- EXERCISE INPUTS -
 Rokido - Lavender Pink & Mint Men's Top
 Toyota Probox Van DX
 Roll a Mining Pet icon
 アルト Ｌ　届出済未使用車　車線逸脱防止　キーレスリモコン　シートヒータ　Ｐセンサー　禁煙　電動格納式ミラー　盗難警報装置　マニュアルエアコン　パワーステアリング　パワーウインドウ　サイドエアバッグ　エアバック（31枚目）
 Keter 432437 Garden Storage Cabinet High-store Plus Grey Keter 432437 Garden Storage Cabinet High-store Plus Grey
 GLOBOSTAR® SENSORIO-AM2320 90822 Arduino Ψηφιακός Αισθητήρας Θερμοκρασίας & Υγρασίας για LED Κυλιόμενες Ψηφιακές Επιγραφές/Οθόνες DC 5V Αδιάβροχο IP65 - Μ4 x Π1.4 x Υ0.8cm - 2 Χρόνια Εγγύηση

* * *

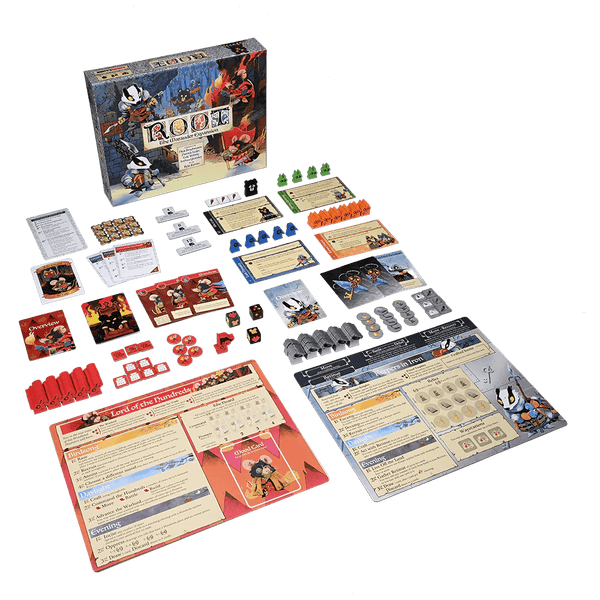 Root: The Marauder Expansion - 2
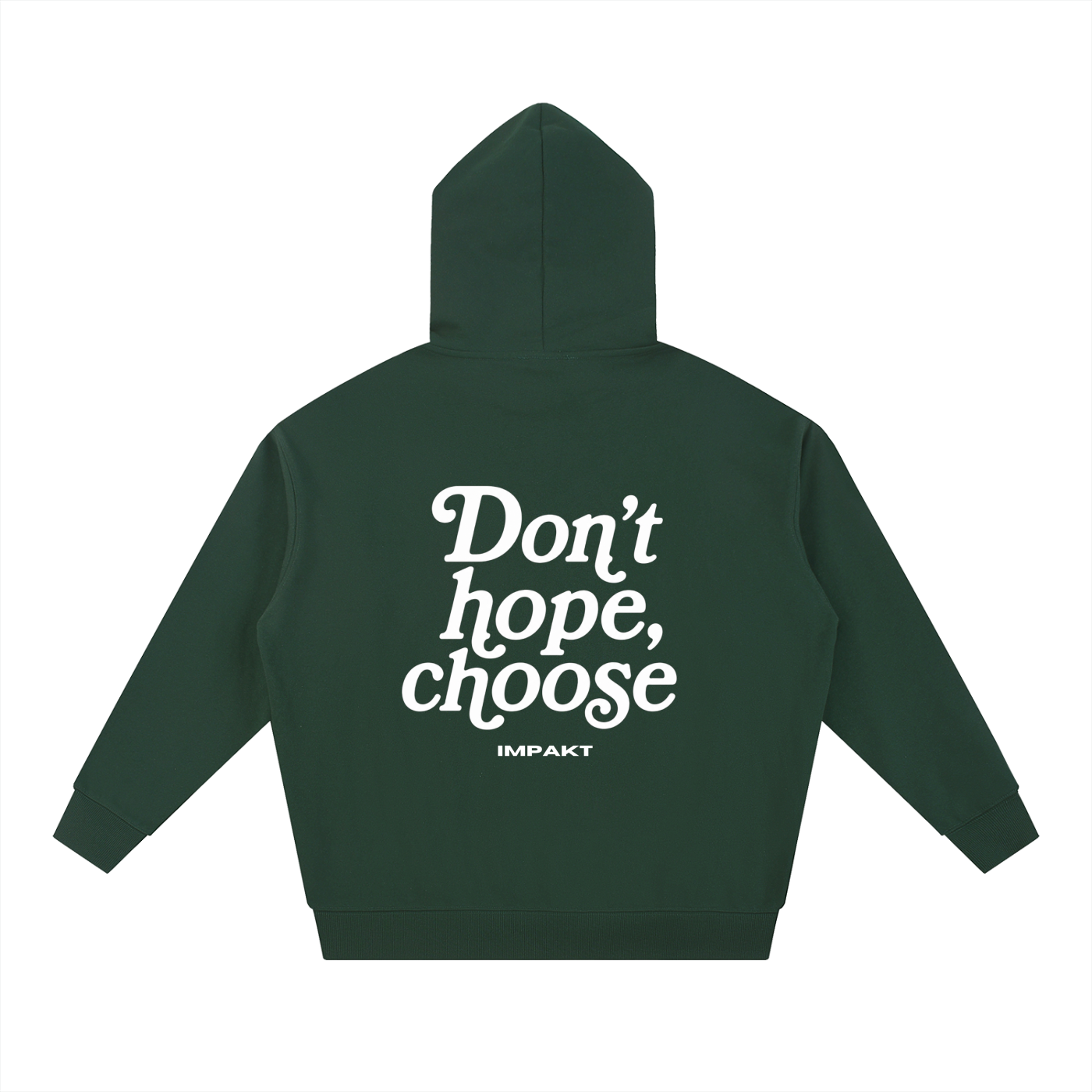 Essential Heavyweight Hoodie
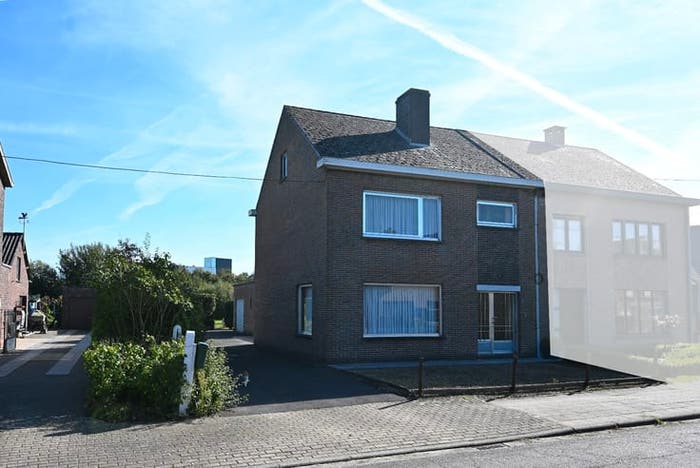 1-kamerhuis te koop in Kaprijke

---

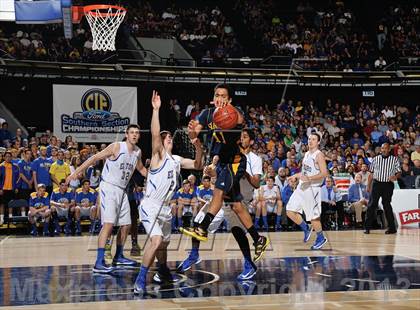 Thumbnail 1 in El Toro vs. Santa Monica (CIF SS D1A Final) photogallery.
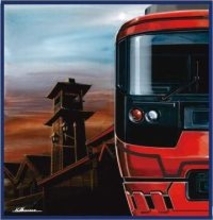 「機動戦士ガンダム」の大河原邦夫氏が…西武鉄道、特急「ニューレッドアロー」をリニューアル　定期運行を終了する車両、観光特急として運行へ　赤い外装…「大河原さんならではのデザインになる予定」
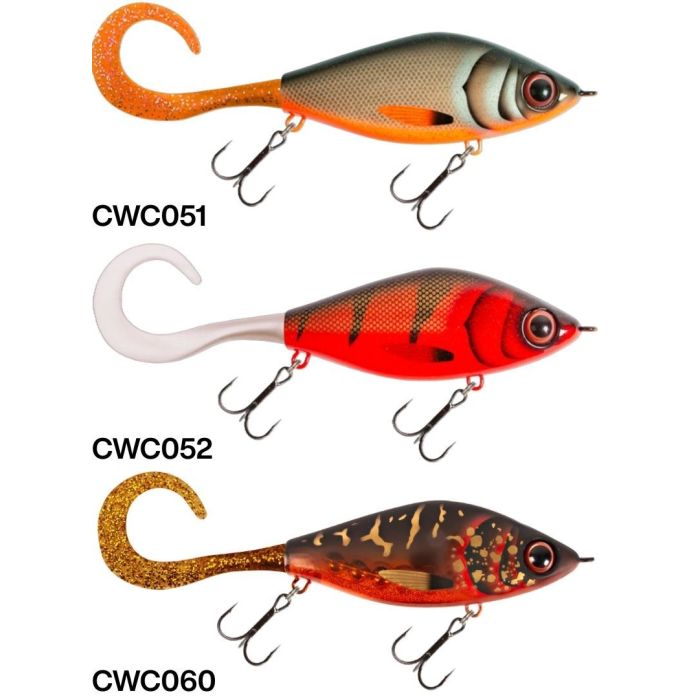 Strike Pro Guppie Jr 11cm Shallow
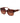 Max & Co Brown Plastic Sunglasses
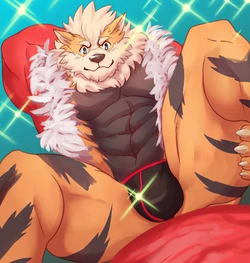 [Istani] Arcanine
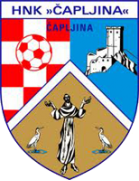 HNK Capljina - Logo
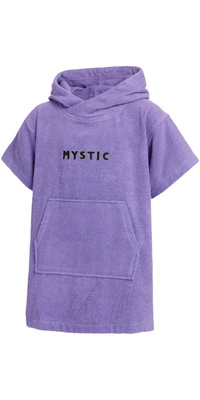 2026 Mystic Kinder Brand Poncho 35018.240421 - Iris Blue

- EXERCISE -
Starting at the line above with "Strike Pro Guppie Jr 11cm Shallow", output every line exactly up to and including the line with "2026 Mystic Kinder", but none of the pictures.

- OUTPUT OF THE EXERCISE -
 Strike Pro Guppie Jr 11cm Shallow
 Max & Co Brown Plastic Sunglasses
 [Istani] Arcanine
 HNK Capljina - Logo
 2026 Mystic Kinder Brand Poncho 35018.240421 - Iris Blue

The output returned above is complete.